_EXERCISE_
Would you set down all of the entries below exactly as they stand?

_SUPPLIED ENTRIES_

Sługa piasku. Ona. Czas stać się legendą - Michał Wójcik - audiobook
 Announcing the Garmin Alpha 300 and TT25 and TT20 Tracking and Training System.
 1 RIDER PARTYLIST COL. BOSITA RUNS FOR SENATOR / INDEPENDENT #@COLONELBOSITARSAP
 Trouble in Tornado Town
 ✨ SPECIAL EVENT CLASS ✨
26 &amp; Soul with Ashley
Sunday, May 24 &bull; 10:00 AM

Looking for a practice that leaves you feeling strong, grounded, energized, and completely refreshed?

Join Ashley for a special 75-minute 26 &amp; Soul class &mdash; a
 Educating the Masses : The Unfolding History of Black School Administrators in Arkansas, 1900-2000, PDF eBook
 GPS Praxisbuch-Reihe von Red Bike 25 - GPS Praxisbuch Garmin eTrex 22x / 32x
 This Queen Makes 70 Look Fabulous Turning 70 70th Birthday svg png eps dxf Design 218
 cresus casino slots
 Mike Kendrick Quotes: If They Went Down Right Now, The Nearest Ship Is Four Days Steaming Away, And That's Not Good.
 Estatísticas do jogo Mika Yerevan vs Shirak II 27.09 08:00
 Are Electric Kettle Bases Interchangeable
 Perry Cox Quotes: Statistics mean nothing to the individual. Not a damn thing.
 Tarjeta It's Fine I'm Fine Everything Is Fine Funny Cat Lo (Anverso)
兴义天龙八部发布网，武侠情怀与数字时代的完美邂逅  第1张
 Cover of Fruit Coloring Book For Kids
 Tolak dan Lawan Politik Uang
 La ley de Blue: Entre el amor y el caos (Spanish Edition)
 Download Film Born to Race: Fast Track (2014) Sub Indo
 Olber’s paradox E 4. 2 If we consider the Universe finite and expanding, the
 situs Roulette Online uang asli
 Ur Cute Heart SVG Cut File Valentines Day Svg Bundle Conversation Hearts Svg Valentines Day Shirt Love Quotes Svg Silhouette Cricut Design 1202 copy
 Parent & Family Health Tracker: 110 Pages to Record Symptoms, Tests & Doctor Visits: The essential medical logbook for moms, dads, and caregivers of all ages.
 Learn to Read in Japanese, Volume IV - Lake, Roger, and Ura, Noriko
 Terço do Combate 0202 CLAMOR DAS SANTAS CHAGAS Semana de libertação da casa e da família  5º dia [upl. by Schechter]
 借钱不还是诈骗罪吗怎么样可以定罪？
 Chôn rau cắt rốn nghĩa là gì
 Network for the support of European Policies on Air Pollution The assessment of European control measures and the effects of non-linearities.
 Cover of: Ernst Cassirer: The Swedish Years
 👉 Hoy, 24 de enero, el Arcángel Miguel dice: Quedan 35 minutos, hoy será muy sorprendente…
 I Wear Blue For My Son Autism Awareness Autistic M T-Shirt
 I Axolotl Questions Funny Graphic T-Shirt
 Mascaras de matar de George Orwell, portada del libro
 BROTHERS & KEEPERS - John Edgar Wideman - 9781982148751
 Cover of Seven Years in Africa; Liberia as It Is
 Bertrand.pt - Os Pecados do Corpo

_YOUR RESPONSE_
Sługa piasku. Ona. Czas stać się legendą - Michał Wójcik - audiobook
 Announcing the Garmin Alpha 300 and TT25 and TT20 Tracking and Training System.
 1 RIDER PARTYLIST COL. BOSITA RUNS FOR SENATOR / INDEPENDENT #@COLONELBOSITARSAP
 Trouble in Tornado Town
 ✨ SPECIAL EVENT CLASS ✨
26 &amp; Soul with Ashley
Sunday, May 24 &bull; 10:00 AM

Looking for a practice that leaves you feeling strong, grounded, energized, and completely refreshed?

Join Ashley for a special 75-minute 26 &amp; Soul class &mdash; a
 Educating the Masses : The Unfolding History of Black School Administrators in Arkansas, 1900-2000, PDF eBook
 GPS Praxisbuch-Reihe von Red Bike 25 - GPS Praxisbuch Garmin eTrex 22x / 32x
 This Queen Makes 70 Look Fabulous Turning 70 70th Birthday svg png eps dxf Design 218
 cresus casino slots
 Mike Kendrick Quotes: If They Went Down Right Now, The Nearest Ship Is Four Days Steaming Away, And That's Not Good.
 Estatísticas do jogo Mika Yerevan vs Shirak II 27.09 08:00
 Are Electric Kettle Bases Interchangeable
 Perry Cox Quotes: Statistics mean nothing to the individual. Not a damn thing.
 Tarjeta It's Fine I'm Fine Everything Is Fine Funny Cat Lo (Anverso)
兴义天龙八部发布网，武侠情怀与数字时代的完美邂逅  第1张
 Cover of Fruit Coloring Book For Kids
 Tolak dan Lawan Politik Uang
 La ley de Blue: Entre el amor y el caos (Spanish Edition)
 Download Film Born to Race: Fast Track (2014) Sub Indo
 Olber’s paradox E 4. 2 If we consider the Universe finite and expanding, the
 situs Roulette Online uang asli
 Ur Cute Heart SVG Cut File Valentines Day Svg Bundle Conversation Hearts Svg Valentines Day Shirt Love Quotes Svg Silhouette Cricut Design 1202 copy
 Parent & Family Health Tracker: 110 Pages to Record Symptoms, Tests & Doctor Visits: The essential medical logbook for moms, dads, and caregivers of all ages.
 Learn to Read in Japanese, Volume IV - Lake, Roger, and Ura, Noriko
 Terço do Combate 0202 CLAMOR DAS SANTAS CHAGAS Semana de libertação da casa e da família  5º dia [upl. by Schechter]
 借钱不还是诈骗罪吗怎么样可以定罪？
 Chôn rau cắt rốn nghĩa là gì
 Network for the support of European Policies on Air Pollution The assessment of European control measures and the effects of non-linearities.
 Cover of: Ernst Cassirer: The Swedish Years
 👉 Hoy, 24 de enero, el Arcángel Miguel dice: Quedan 35 minutos, hoy será muy sorprendente…
 I Wear Blue For My Son Autism Awareness Autistic M T-Shirt
 I Axolotl Questions Funny Graphic T-Shirt
 Mascaras de matar de George Orwell, portada del libro
 BROTHERS & KEEPERS - John Edgar Wideman - 9781982148751
 Cover of Seven Years in Africa; Liberia as It Is
 Bertrand.pt - Os Pecados do Corpo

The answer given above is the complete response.